The only answer to whether a dismissal for this reason would be deemed unjust is "It Depends" on a lot of things - such as: is there a collective bargaining agreement; is there an employment contract; was there an implied agreement about hours of work in the past; what are the expected norms in your industry & occupation; are there unavoidable business reasons for the change; etc.

From a quick read of the Ontario Labour web site http://www.labour.gov.on.ca/english/es/pubs/guide/termination.php

this sounds as though it would be classified as a constructive dismissal if you refused to agree to the change, not a wrongful dismissal, but what remedy you might find is very vague. They warn you that constructive dismissal cases can be very complex, which implies you might need a labour lawyer.


----------



## carverman (Nov 8, 2010)

When I worked at Nortel, lots of people were dismissed for different reasons.

In my area, there was no union agreement to protect you, as we were
hired as engineers/professionals and non-managerial staff, on our merits and usefullness to the company.
We each had a job description and a company department expectation defined on paper in our personnel file, that we had to sign after each successful performance interview. 
This was done on a yearly, or in case of newly hired, on a 6 month basis. 

For those that didn't "pull their weight" by agreeing to help out when requested by management (ie: on weekends, or in afterhours "work crisis" situations), these "incidents" would be recorded by your immediate manager, on your personal performance file, and brought up on the next personal review of your achievements. 

If the impact of your refusal to work beyond the standard work week was
serious enough to affect some aspect of the company's line of business,
(even in some minor way), you could be even placed on a short list of employees that might even be "trimmed" when the next downsizing occurred. 

If you didn't get a favourable review because of this and other performance
issues, you needed to watch yourself. 
Your willingness as a "team player" to help out when needed would be
somewhat undermined at that point. If you didn't pull a rabbit out the
hat for the company on the next review cycle, and instead got two bad reviews
in a row because of that....you would become history! 
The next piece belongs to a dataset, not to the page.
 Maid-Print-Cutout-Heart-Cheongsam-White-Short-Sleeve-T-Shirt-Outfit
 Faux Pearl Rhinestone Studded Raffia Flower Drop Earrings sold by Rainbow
I don't think any labour relations lawyer can help you in a case, where one's productivity doesn't measure up to where the company management thinks it should be, where there is some kind of performance "measuring stick" they can use for your job description/title. They can find ways to get rid of you.


----------



## sags (May 15, 2010)

Generally speaking, an employer has the right to determine the hours of work, up to the maximum allowed by legislation.

On the issue of terminations in general, employers need to carefully document the steps of "progressive discipline" they applied, to justify termination as the only appropriate remedy.


----------



## Berubeland (Sep 6, 2009)

Money Gal is absolutely right. 

A company has the right to fire anyone at any time. 
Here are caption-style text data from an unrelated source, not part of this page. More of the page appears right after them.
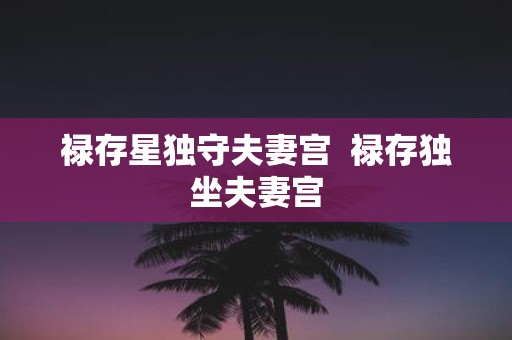 禄存星独守夫妻宫 禄存独坐夫妻宫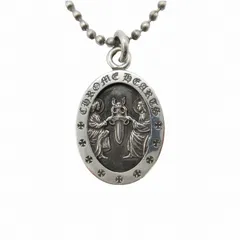 クロムハーツ CHROME HEARTS Angel medal Oval エンジェルメダル オーバル チャーム ネックレス シルバー 925 ボールチェーン コイン ペンダント メンズ/1/☆K87のサムネイル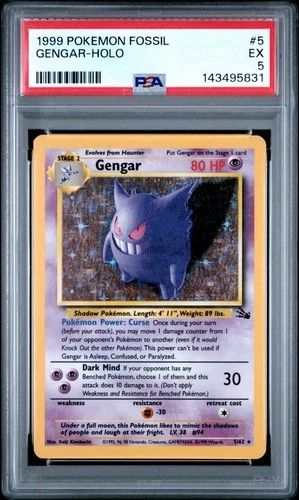 1999 POKEMON FOSSIL #5 GENGAR-HOLO PSA 5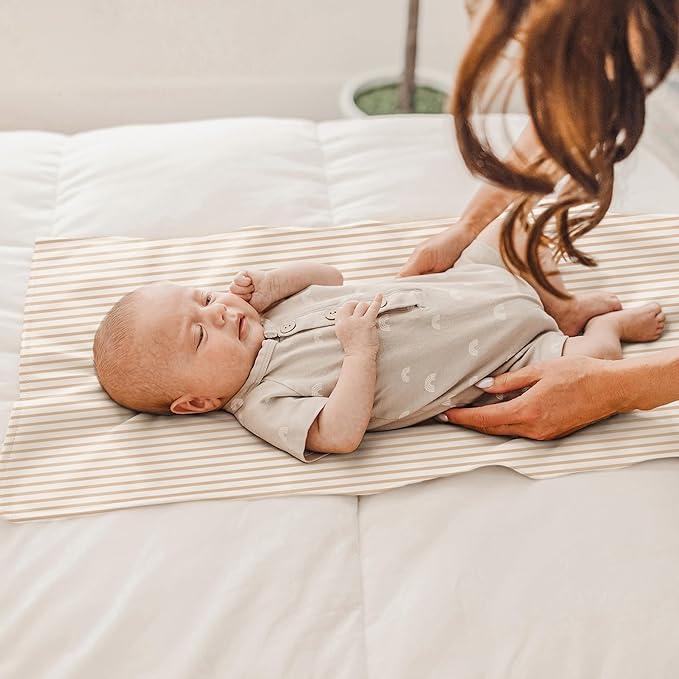 Konssy Faux Leather Baby Changing Mat, Waterproof, Wipeable & Portable Diaper Changing Pad for Travel or Home, Fits Perfectly in Diaper Bag, 30 x 17 inches (Beige,Stripes)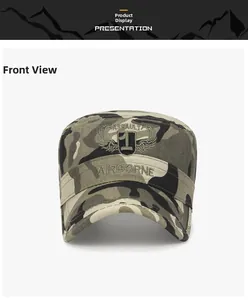 Detailed view of embroidery on a camo military flat top hat with airborne assault patches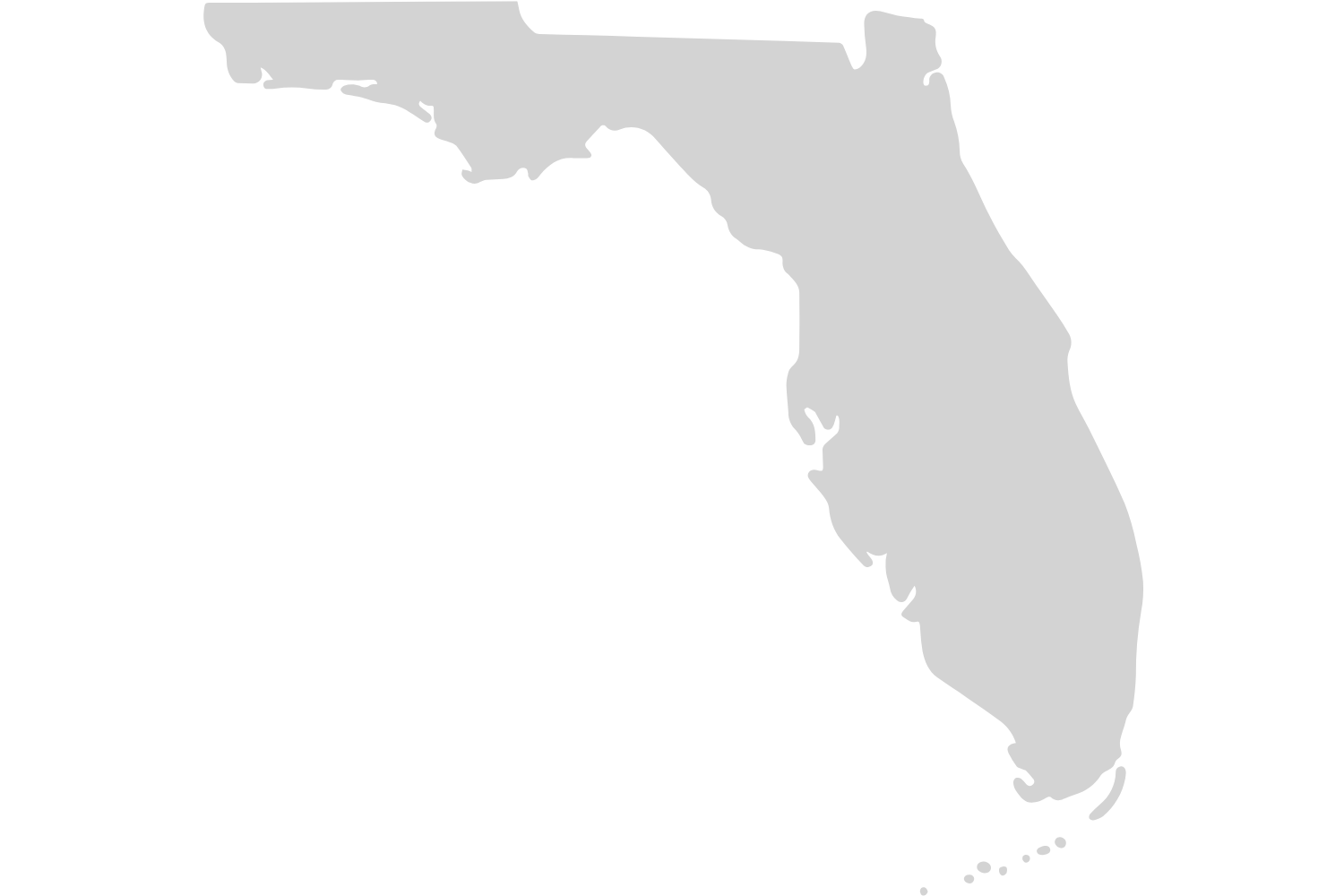 Silhouette of the state of Florida in gray with dotted line at the bottom right.
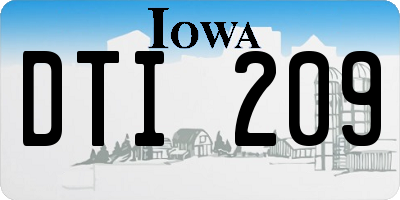 IA license plate DTI209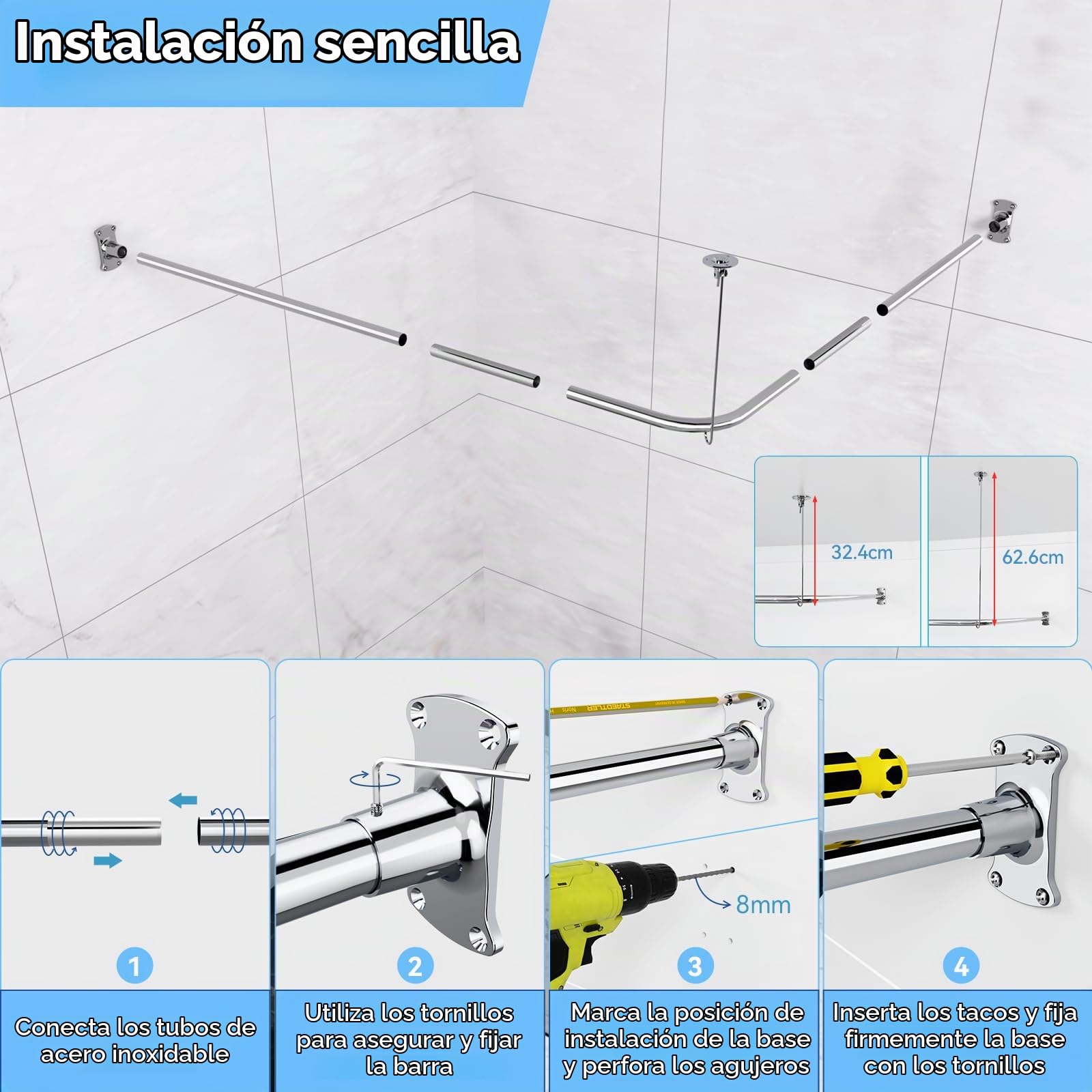 Barra de Cortina de Ducha en Forma de L, 100-120 x 100-190 cm | Barra de Ducha Ajustable de Esquina, Acero Inoxidable SUS304, Incluye 16 Anillos de Cortina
You have the right to file suit if you 

a) have the money for a lawyer

or

b) you can go to the labour board

Whether or not you win is another matter. In any case it should not go on your resume any future employer will not want you. If you work in a close knit industry you should be aware that people talk. 
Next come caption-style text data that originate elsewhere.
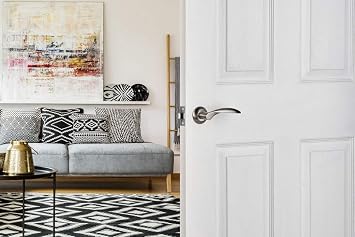 Designer Levers Florentina Lever on Rose Door Handle, Polished Chrome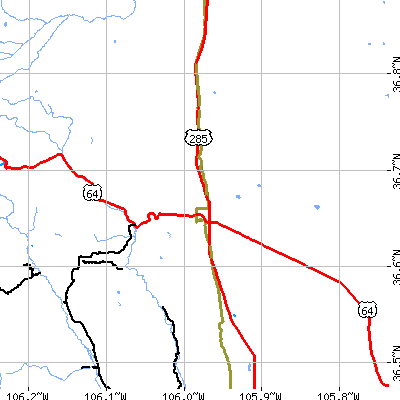 Zip code 87577 close-up map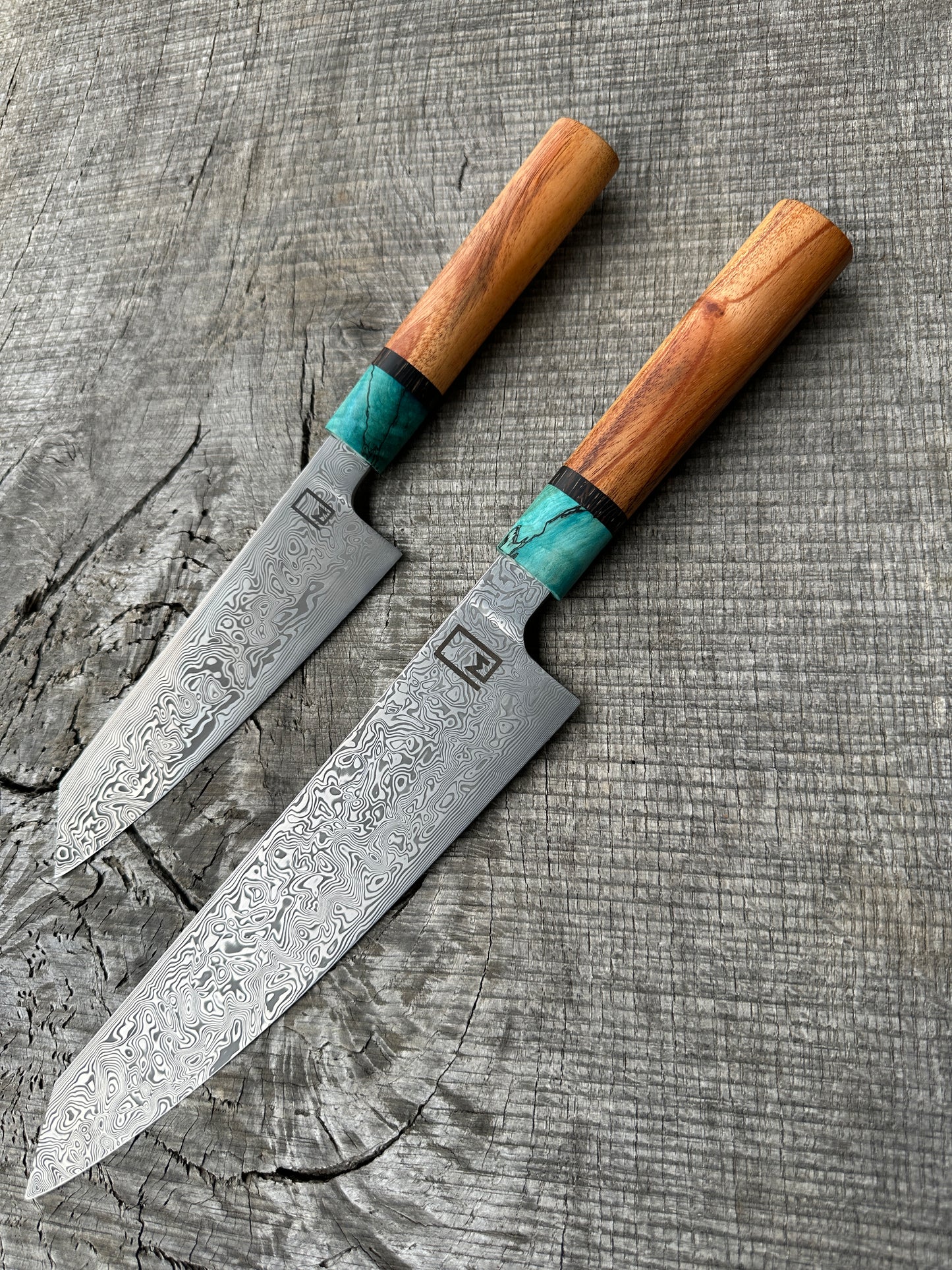 Pair of Stainless Damascus Kiritsuke and Honesuki with Hatian Mahogany, Black Palm and Dyed maple, and brass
In any case, it takes a long long time to get a judgement or win at the Labour Board. 

If you think this is happening or could happen then copy all documentation to support your case. Print any emails very covertly on the interoffice system. This is what saved my butt when I went to the labour board and fought with EI. 

In my case, the employer changed hours of work so that I no longer had two consecutive days off and increased my hours, then changed a company policy about rental commissions so that all commissions (already held back for three months) would be retroactively deducted from your pay if the tenant didn't work out during the entire first year lease. This policy change was made after a full year, and all the rental agents got about half their paycheck one month. 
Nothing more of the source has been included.